Шрифт:
Интервал:
Закладка:
Гостей встретили радушно, разместили в лучшей хате, накормили до отвала, напоили, напарили в баньке, стоящей над высоким берегом Логара, словно над каким-нибудь Тереком или Уссури… Нашелся и медик — фельдшер Лемехов, оказавший первую помощь бедняге фон Миндену. Единственное, чем не мог помочь поручику станичный атаман Шуров, так это — связью с Кабулом.
— Понимаешь, ваше благородие, — чесал в стриженном ежиком седоватом затылке пятидесятилетний мужик: на его погонах с одним просветом не было звезд,[14]но вышел он явно из нижних чинов. — Линию телефонную протянули — чин чинарем, как полагается, да местные вот…
— Перерезали?
— Какой там перерезали! Вообще провода сняли в двух местах! Сразу версты по две. Да вместе со столбами, понимаешь? Дерево у них тут, вишь, на вес золота! А столбы наши — как манна небесная. Где мне напастись столько? Опять же, спецов вызывать надо из Кабула, чтобы все, как полагается, врыли да навесили… А к каждому столбу казака не приставишь, чтобы нагайкой эту шелупонь отгонял, понятное дело. Посоветовали мне в Кабуле умные головы заминировать подходы к линии, да нешто ж мы изверги какие? Не по-христиански это — души людские из-за проволочек да деревяшек в распыл пускать. Вот и живем по неделе-другой без связи.
— А радиостанция?
— Радиостанция… Тоже что-то с ней случилось. Не то лампа какая сгорела, не то проводок какой отошел. Я вот тебя хотел спросить: не рубишь, часом, в этой хреновине электрической? Увы, радиотехника и для Саши была темным лесом…

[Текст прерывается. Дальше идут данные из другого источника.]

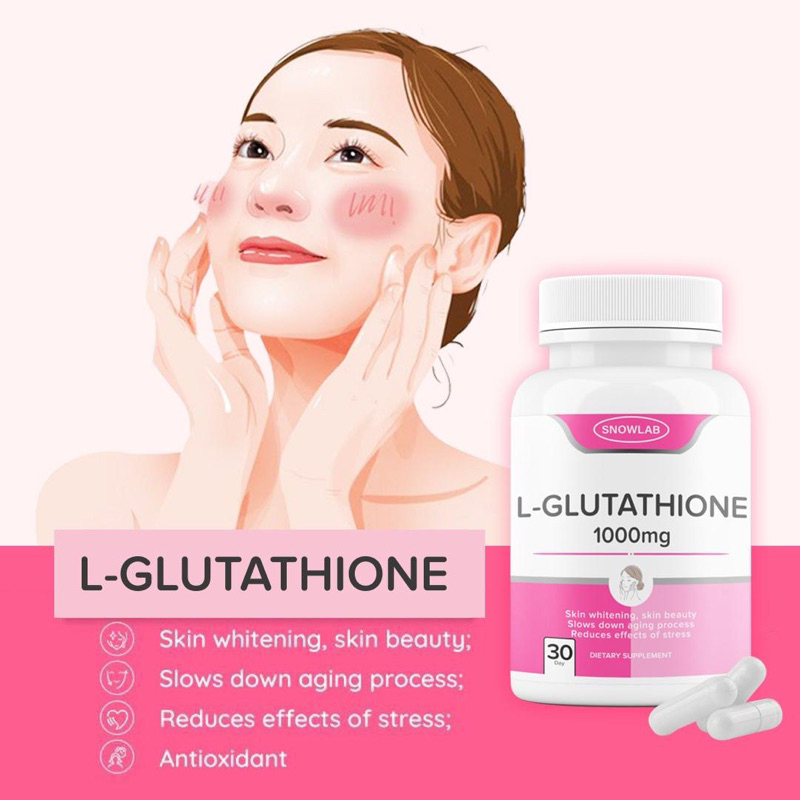 glutathione injection before and after results Buy INLIFE L Glutathione Reduced Supplement Vitamin C Milk Thistle Grape  Seed Extract Biotin Skin Whitening Men Women 1000mg - 30 Veg Capsules  Online main image 1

— Но мне просто необходимо быть в Кабуле! — горячился он. — Дело государственной важности!
— Тут все — государственной, — опять чесал затылок казак. — Да не переживай ты: завтра снаряжу я тебе конвой до Кабула. Как барин, с ветерком покатишь! Тут делов-то — сорок верст вдоль речки.
— На конях?
— А ты что, драгун, — прищурился казак, — верхами-то не умеешь?

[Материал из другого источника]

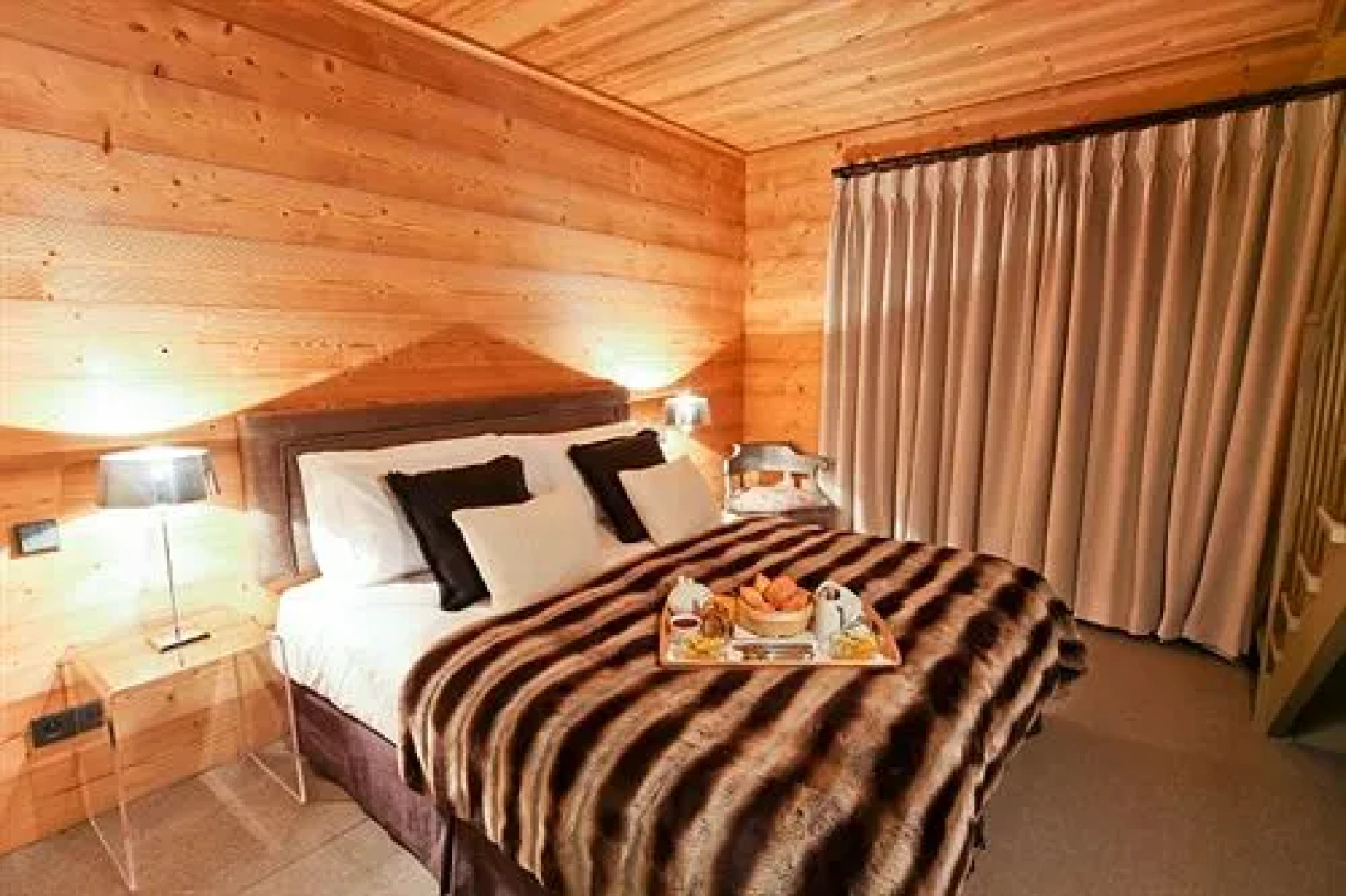 Hotel le Chalet Blanc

— Почему не умею… Я кавалерист. Николаевское заканчивал.
— Молодцом! Наш человек! Только без коняшек обойдемся в этот раз. Митяя Коренных брательник вернется из дозора — заряжу я тебе конвой, как полагается — на вездеходе. Домчитесь с ветерком под броней. А то зверьки что-то зашевелились — далеко от станицы не отойдешь. У соседей вон из Лазаревской на той неделе отару угнали, у нас — тоже покушались, да спугнули мазуриков пастухи.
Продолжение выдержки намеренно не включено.